Artists impression of the Tiangong-1 space station. Credit: CMSE/China Manned Space Engineering Office

Tiangong-1, China’s first space station, will fall to Earth between Friday 30th March and Monday 2nd April. The heady brew of international politics and a rogue satellite putting Easter weekend at risk has fuelled these juicy meteorophobic headlines:

“OUT OF CONTROL Chinese satellite could hit Earth in three days – and boffs don’t know where” – The Sun, 27th March 2018

“Out-of-control Chinese space station is predicted to smash back into the Earth’s atmosphere over Easter – and Australia is in the ‘impact zone’” – The Daily Mail, 27th March 2018

To answer the immediate questions these headlines raise:

  • Yes, this satellite is big enough that some of it will hit Earth. It is about 10m long and with fuel weighed 8.5 tonnes. The biggest uncontrolled re-entry was NASA’s Skylab at 74 tonnes in 1979.
  • The probability of a part hitting a person are 10 million times smaller than getting struck by lightning in a year. This is because most of Earth’s surface is uninhabited thanks to oceans and deserts.
  • No one has ever been killed by space junk.

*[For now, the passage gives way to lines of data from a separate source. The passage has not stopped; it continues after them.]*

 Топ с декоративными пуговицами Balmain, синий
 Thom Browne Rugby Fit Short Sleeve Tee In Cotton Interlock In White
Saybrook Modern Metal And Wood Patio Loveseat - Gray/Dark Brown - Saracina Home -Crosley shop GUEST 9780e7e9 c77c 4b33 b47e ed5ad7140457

This is the latest instalment in a growing narrative around the danger of space junk – discarded bits of rockets and satellites which are gradually falling out of orbit and back to Earth. This is a very real problem, and sizeable chunks of space agencies are devoted to predicting space junk re-entry, most notably ESA’s Space Debris Office and NASA’s Orbital Debris Program Office.

Incredibly, all of the junk in orbit is tracked (cool interactive where you can track TIANGONG 1 in a cloud of other junk). This is so that satellites like the international space station can dodge them and not become space junk themselves. The worst case scenario, named the Kessler Syndrome, is a chain reaction of collisions reducing all of the satellites we rely on to a fine, glittering cloud of debris that ultimately blocks our access to space. Notable recent steps towards this dystopia came in 2007, when China converted their own satellite into 3000 pieces of junk with a passive-aggressive missile (yup China is ‘that flatmate’ when it comes to, erm, communal space..), and 2009, when a commercial American satellite and a Russian military satellite collided yielding 2000 more pieces. The current tally is around 16000 pieces of trackable space junk with a range of particle sizes stretching from centimetres to whole spent rocket bodies from past space missions.

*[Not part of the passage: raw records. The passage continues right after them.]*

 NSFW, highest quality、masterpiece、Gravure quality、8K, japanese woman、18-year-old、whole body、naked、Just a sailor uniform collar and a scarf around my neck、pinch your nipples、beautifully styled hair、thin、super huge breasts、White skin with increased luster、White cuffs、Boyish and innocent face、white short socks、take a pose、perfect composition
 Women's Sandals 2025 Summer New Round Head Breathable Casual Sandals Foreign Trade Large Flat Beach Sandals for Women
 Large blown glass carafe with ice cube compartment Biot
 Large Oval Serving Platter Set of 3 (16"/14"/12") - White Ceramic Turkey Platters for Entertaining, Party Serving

Thankfully, almost all objects falling to Earth are not only slowed by the air resistance as they speed through Earth’s atmosphere, but are heated rapidly until they burn-up harmlessly about 80km above the ground. This will be the fate of almost all space junk, however pieces with high melting points (e.g. tungsten metal parts) will make it down to Earth’s surface. Most of these are tiny fragments and do not impact with enough force to injure anyone. Large or dense pieces will also make it to Earth’s surface and pose the most risk to people. Luckily the Earth is very sparsely populated due to oceans and deserts, so the chances of you being hit by space junk are currently numbered at 1 in several trillion.

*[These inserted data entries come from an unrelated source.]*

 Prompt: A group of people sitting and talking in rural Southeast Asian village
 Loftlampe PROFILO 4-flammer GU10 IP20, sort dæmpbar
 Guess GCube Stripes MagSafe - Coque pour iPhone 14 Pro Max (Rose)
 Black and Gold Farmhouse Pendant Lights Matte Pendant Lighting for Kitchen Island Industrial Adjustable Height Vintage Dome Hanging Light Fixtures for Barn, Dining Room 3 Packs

Where Tiangong-1 could land. The graph left shows population density. The graph right is the probability of reentry for each latitude. Image courtesy of ESA.

So what is the most likely fate of poor Tiangong-1? Most of Tiangong-1 will burn up in our atmosphere, the rest will land in the sea, and Earthlings will go back to eating chocolate eggs and reading the Sunday papers.